A structured set of objections, weighed in public.

Desk editor's note, referee report, simulated authors' rebuttal, and a circularity audit. Tearing a paper down is the easy half of reading it; the pith above is the substance, this is the friction.

Desk Editor's Note private letter to a colleague

KbSD's core move is self-distillation from an identical teacher that gets explicit boundary signals plus ground truth, paired with quadrant-specific KL terms, but the gains may trace more to the hints than to the distillation itself.

read the letter

The paper introduces KbSD to handle sparse rewards when LLMs in agentic search must decide between parametric knowledge, retrieval, or abstaining. It builds a teacher that is the same size as the student but receives extra signals—parametric certainty, retrieval quality, and ground-truth answers—to produce reasoning demonstrations. The student then imitates those via a mix of dense token supervision and sparse outcome rewards, with the objective switching between reverse KL, forward KL, or bidirectional KL depending on the quadrant.

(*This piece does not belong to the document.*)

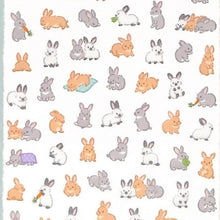 Load image into Gallery viewer, #プチフワステッカー 81875 ウサギ Puchifuwa プチふわシール うさぎいっぱい ほんわかアニマルステッカー マインドウェイブ :4909001818750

What stands out is the attempt to get dense supervision without scaling up the teacher model. The quadrant-adaptive objective is a reasonable way to handle the different distributions of reasoning needed in each knowledge state. The abstract reports consistent gains on accuracy and hallucination reduction, especially where rewards are sparsest.

The soft spot is the untested assumption that the architecturally identical teacher can actually turn those boundary signals into meaningfully better trajectories. If the base model already struggles to use the signals, the demonstrations may not be much stronger than what sparse rewards already provide, and the KL terms would then be fitting to noisy targets. The paper would need clear ablations that isolate the distillation step from simply giving the model the hints during training.

This is aimed at researchers doing post-training for retrieval-augmented agents. Readers working on calibration or self-distillation in LLMs could extract the adaptive objective and test it on their own setups. The work is coherent enough on its own terms to warrant referee time, though the results section will need scrutiny on controls and baselines.

Referee Report

2 major / 1 minor

Summary. The paper proposes KbSD, a self-distillation framework for agentic search that addresses reward sparsity in knowledge-boundary calibration. An architecturally identical hint-augmented teacher receives explicit signals (parametric certainty, retrieval quality, ground-truth answers) to produce calibrated reasoning demonstrations for the student; these are combined with quadrant-adaptive KL objectives (reverse KL for integration, forward KL for refusal, bidirectional for asymmetric cases) to supply dense token-level supervision alongside sparse outcome rewards. Experiments reportedly show consistent gains in task accuracy and hallucination mitigation over baselines, largest in challenging quadrants.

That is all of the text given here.